Feast of St. Andrew, Apostle
November 30, 2011
The Lord be with you
Vocation, acceptance, God’s call, our response, and ministry to our own family are themes of this feast day. Andrew, whose name means “manly,” was the brother of Peter, and was born in Bethsaida, a village in Galilee. He was the first apostle to follow Christ, his title in the Eastern Church is “the First-Called,” and his name regularly appears near the head of the lists of the apostles. Perhaps his greatest work was to bring his brother Simon Peter to Jesus.
After Pentecost, Andrew is said by Eusebius to have preached in Scythia, by Jerome and Theodoret in Greece; by Nicephorus in Asia Minor and Thrace. A late and rather unreliable tradition says that he was martyred on November 30 around 70 AD, at Patras in Achaia, Greece. The tradition he was crucified on an X-shaped cross first appeared in the tenth century. He was martyred, legend has it, for defying the proconsul Aegeas, who ordered Andrew to stop preaching and to sacrifice to the gods.

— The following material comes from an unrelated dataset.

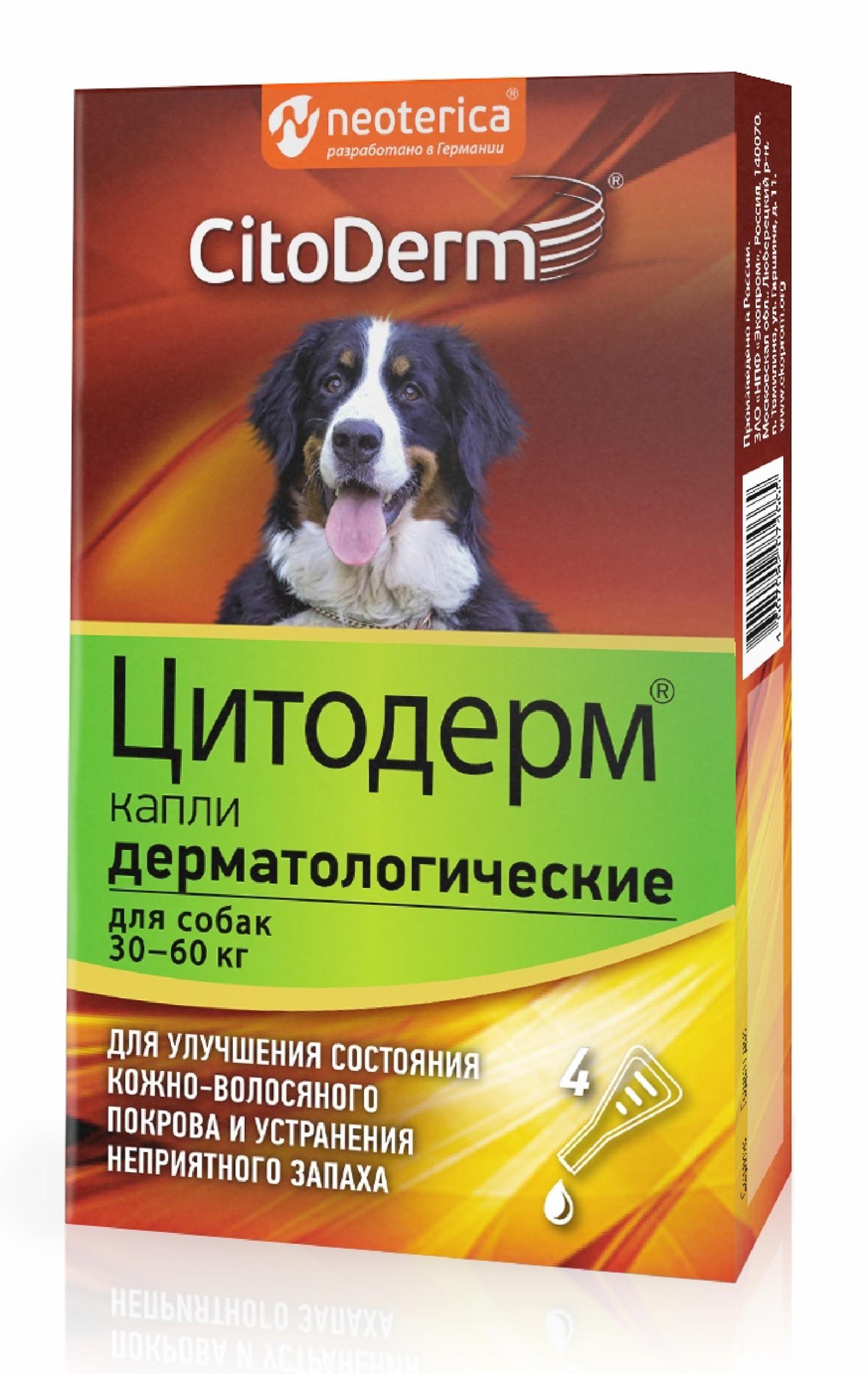 Капли дерматологические для собак 30-60 кг, 4х6 мл. 20 г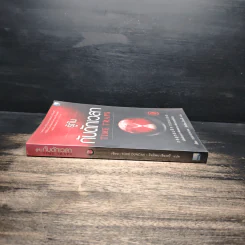 รู้ทันกับดักเวลา Time Traps - Todd Duncan รูปที่ 3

St. Andrew’s body is said to have been taken, along with St. Luke’s, to the Church of the Holy Apostles in Constantinople in 357 and later removed to the cathedral in Amalfi, Italy. The church at Constantinople claimed St. Andrew as its first bishop. The churches in Greece and Russia in particular hold Andrew in high honor. Also, quite early, certain of his relics were taken to St. Andrew’s Church in Fife, Scotland, and he became a patron saint of Scotland; the X-shaped cross of St. Andrew in the Union Jack represents Scotland.
The feast of St. Andrew was observed as early as the fourth century by the Eastern Church and by the sixth century in Rome and elsewhere. It is a national holiday in Scotland.
St. Andrew’s Day determines the beginning of the church year, since the First Sunday in Advent is the Sunday nearest to St. Andrew’s Day whether before or after. Because of this, the Feast of St. Andrew is the first day on our liturgical calendar, and many others.
St. Andrew’s eve, as the beginning of the church’s year, was long a traditional time for young girls to expect to see in dreams their future husbands.
Appropriate prayers on this feast day include prayer for obedience to God’s command, for a sense of mission, for those on spiritual pilgrimage, for the church in Scotland, for the church in Greece, and for those who minister to their own families.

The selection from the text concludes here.